The car seems to run much much better with the MAF unplugged, but obviously it wont rev past 2500. it idles much better, and I can also hear turbo flutter when i rev it, something i don't hear when i plug it in oddly. as soon as i plug the maf back in it starts taking s*** and goes back to pig rich mode.

now the difficult part is that this is a NEO motor so not many have experience with it. On top of that I adapted a GTR throttle plenum to it, so the vacuum is a little tricky with ITB's. In addition I had to remote mount the IACV..Im gonna go back and double check all that, but taking vacuum out of the picture it should still idle and drive no? I don't understand why it wont hold idle and why its running so rich. I double checked my fuel pressure and its a little high but I cant get it any lower without good vacuum.

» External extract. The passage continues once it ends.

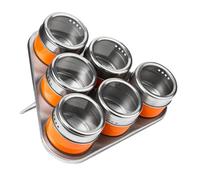Orsina Orange Magnetic Spice Jars With Triangular Tray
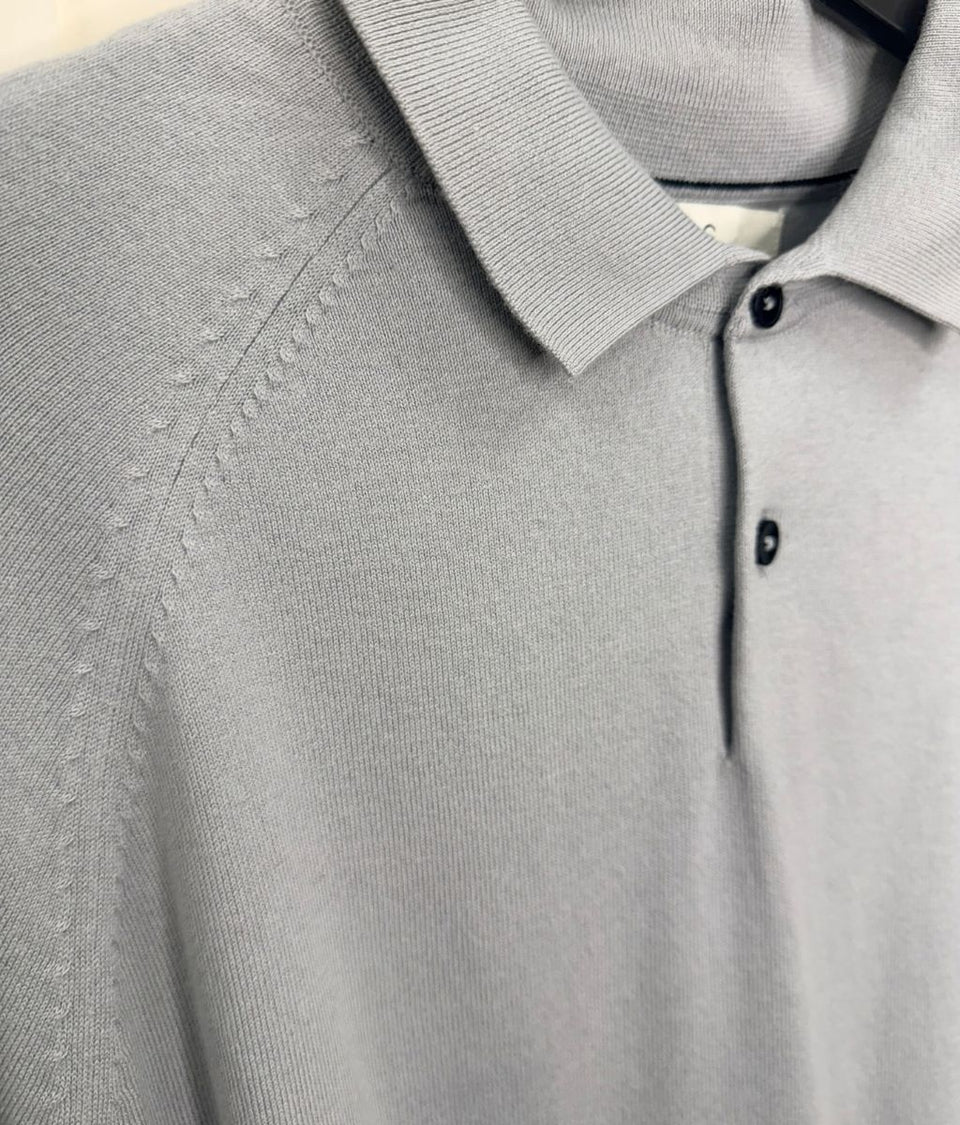 Mens Light Grey Cotton Rich Long Sleeve Knitted Polo Top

Forget that its a NEO motor, i know this is something small that Ive overlooked and probably common to all rb's so don't be afraid to shout out a suggestion. What controls the idle on these things? I haven't tried messing with the IACV yet.

like i said any suggestions would be great.

thanks for reading


Darius
Posts: 4820
Joined: Sun Mar 02, 2003 9:48 am
Car: RB25DET S14 - 665 WHP (SOLD)
Location: Chicagoland

Post

First, is it misfiring at all or does it run smooth but rich?

Second, pressure test the charge piping. If there is a leak, it will suck in unmetered air and cause idling problems. It shoudln't go rich, but maybe the ECU is overcompensating. Who knows?

Third, check the IACV for a good seal and that the screw is properly adjusted. How did you "remote mount" it and why?

Fourth, pull the vacuum line off of the fuel pressure regulator to make sure the diaphragm isn't torn. If it is, fuel will pour out of the port.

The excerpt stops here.